Eric B. Ridge | 11 Aug 2004 22:52
Favicon

Re: Rqt for Features

On Aug 11, 2004, at 4:49 PM, Olly Betts wrote:

> On Mon, Aug 09, 2004 at 12:16:59PM +0100, Olly Betts wrote:
>> On Fri, Jul 09, 2004 at 03:59:16PM +0100, Tim Brody wrote:
>>> The cleanest method from outside of the API would be if 
>>> replace_document
>>> accepted a non-existent (to xapian) docid, in which case it adds the
>>> document rather than excepting (i.e. SQL's "REPLACE" behaviour).
>>
>> This is something I'd noticed might be useful.
>
> OK, this is now implemented in CVS.  Currently untested - I'll add some
> test cases for this shortly.  If you test it, let me know how it goes.

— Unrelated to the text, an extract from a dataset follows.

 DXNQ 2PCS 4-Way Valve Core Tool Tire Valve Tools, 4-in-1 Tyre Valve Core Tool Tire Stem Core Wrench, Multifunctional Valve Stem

This is waay cool!  Using Xapian to index database records... now I'll 
be able to kill my SQL lookup table of primary key<-->xapian doc id, 
and just use my database primary keys as xapian document ids.  woo hoo!

eric
Samuel Liddicott | 11 Aug 2004 23:04

Re: Rqt for Features


Eric B.Ridge wrote:

> On Aug 11, 2004, at 4:49 PM, Olly Betts wrote:
>
>> On Mon, Aug 09, 2004 at 12:16:59PM +0100, Olly Betts wrote:
>>
>>> On Fri, Jul 09, 2004 at 03:59:16PM +0100, Tim Brody wrote:
>>>
>>>> The cleanest method from outside of the API would be if 
>>>> replace_document
>>>> accepted a non-existent (to xapian) docid, in which case it adds the
>>>> document rather than excepting (i.e. SQL's "REPLACE" behaviour).
>>>
>>>
>>> This is something I'd noticed might be useful.
>>
>>
>> OK, this is now implemented in CVS.  Currently untested - I'll add some
>> test cases for this shortly.  If you test it, let me know how it goes.
>
>
> This is waay cool!  Using Xapian to index database records... now I'll 
> be able to kill my SQL lookup table of primary key<-->xapian doc id, 
> and just use my database primary keys as xapian document ids.  woo hoo!
>
When maintaining xapian databases this is correct.
Be aware that If you perform a search over multiple DB's that the id's 
will get munged into new id's in order to be unique over the result set.
There is (when I last heard) no simple way to convert from such munged 
(Continue reading)

Eric B. Ridge | 11 Aug 2004 23:15
Favicon

Re: Rqt for Features

On Aug 11, 2004, at 5:04 PM, Samuel Liddicott wrote:

> When maintaining xapian databases this is correct.
> Be aware that If you perform a search over multiple DB's that the id's 
> will get munged into new id's in order to be unique over the result 
> set.
> There is (when I last heard) no simple way to convert from such munged 
> id's back to the real id and real index.  This is only an issue if you 
> will be searching over combined db's.

This is a good point.  Not one I had considered.  I'm not doing this, 
but it is something for me to keep in the back of my mind.

eric
Olly Betts | 11 Aug 2004 23:15
Favicon
Gravatar

Re: Rqt for Features

On Wed, Aug 11, 2004 at 10:04:00PM +0100, Sam Liddicott wrote:
> There is (when I last heard) no simple way to convert from such munged 
> id's back to the real id and real index.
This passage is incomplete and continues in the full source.